Mating System: polygynandrous (promiscuous)

There is little information available regarding the reproductive behavior of acacia rats, and that which is know was discovered via lab studies. They normally breeds every 3.5 months during summer (April through July) and litters consists of 2 to 5 pups, which weigh between 2.5 to 2.8 g t birth. Young are weaned 28 and 31 days old and reach sexual maturity at an average of 107 days. Pups begin walking after 15 days and incisors appear only after one day. Reproduction in acacia rats is thought to be similar to that of black-tailed tree rats.

Breeding interval: Acacia rats breed once every 3.5 months.

Breeding season: Acacia rats breed during the rainy season, which lasts from April through July.

Range number of offspring: 2 to 5.

Average number of offspring: 2.7.

Range weaning age: 28 to 31 days.

Average age at sexual or reproductive maturity (female): 107 days.

Average age at sexual or reproductive maturity (male): 107 days.

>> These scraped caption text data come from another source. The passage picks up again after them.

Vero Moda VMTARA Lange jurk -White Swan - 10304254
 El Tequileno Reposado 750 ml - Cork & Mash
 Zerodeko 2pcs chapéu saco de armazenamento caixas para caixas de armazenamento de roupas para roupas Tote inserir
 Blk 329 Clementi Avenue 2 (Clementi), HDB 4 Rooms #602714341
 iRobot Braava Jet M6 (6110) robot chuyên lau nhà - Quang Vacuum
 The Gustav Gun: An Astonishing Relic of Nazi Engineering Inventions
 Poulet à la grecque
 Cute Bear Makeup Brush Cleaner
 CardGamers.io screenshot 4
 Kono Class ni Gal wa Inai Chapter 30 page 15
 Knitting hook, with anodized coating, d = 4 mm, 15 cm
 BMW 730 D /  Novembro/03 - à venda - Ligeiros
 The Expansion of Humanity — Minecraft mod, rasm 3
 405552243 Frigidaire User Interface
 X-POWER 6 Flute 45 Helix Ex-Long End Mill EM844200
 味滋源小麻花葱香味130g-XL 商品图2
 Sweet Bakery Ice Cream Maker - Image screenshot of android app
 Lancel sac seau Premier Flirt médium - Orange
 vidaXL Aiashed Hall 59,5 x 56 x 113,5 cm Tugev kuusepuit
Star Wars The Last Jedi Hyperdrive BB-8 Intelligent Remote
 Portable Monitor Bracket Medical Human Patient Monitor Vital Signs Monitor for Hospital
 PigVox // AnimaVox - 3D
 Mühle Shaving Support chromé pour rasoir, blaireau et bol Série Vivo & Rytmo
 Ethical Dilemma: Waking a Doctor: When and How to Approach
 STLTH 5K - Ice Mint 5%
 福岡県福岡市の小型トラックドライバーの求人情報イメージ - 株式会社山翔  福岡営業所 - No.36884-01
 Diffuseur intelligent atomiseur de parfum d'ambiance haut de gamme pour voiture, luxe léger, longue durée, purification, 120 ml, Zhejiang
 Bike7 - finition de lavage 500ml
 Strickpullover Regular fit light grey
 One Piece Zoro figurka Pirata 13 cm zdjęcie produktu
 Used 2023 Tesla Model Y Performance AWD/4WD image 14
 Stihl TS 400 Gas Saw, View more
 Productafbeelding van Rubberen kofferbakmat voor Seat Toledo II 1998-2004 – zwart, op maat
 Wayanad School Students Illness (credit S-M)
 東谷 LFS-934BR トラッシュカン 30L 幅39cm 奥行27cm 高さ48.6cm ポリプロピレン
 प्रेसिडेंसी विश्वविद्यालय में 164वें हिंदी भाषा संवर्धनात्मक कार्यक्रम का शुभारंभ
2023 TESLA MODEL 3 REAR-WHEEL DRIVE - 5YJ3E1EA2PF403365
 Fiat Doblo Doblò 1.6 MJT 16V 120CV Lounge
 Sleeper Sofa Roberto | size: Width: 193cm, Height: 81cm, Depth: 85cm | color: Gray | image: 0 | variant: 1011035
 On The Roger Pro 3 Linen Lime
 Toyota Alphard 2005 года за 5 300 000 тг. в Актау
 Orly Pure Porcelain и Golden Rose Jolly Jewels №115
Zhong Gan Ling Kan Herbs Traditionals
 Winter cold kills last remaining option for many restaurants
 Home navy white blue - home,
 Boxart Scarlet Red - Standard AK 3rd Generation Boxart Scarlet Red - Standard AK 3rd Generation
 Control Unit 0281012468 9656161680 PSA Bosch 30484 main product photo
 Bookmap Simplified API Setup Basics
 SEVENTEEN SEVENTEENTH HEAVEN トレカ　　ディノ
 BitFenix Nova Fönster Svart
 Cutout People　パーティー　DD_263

Key Reproductive Features: iteroparous ; seasonal breeding ; gonochoric/gonochoristic/dioecious (sexes separate); sexual ; viviparous

There is no information available regarding parental care in wild acacia rats. In captivity, young attach to the nipple and nurse while the mother moves around the local environment. Pups stay with their parents until they reach reproductive maturity.

Parental Investment: female parental care ; pre-weaning/fledging (Provisioning: Female, Protecting: Female); pre-independence (Provisioning: Female, Protecting: Female)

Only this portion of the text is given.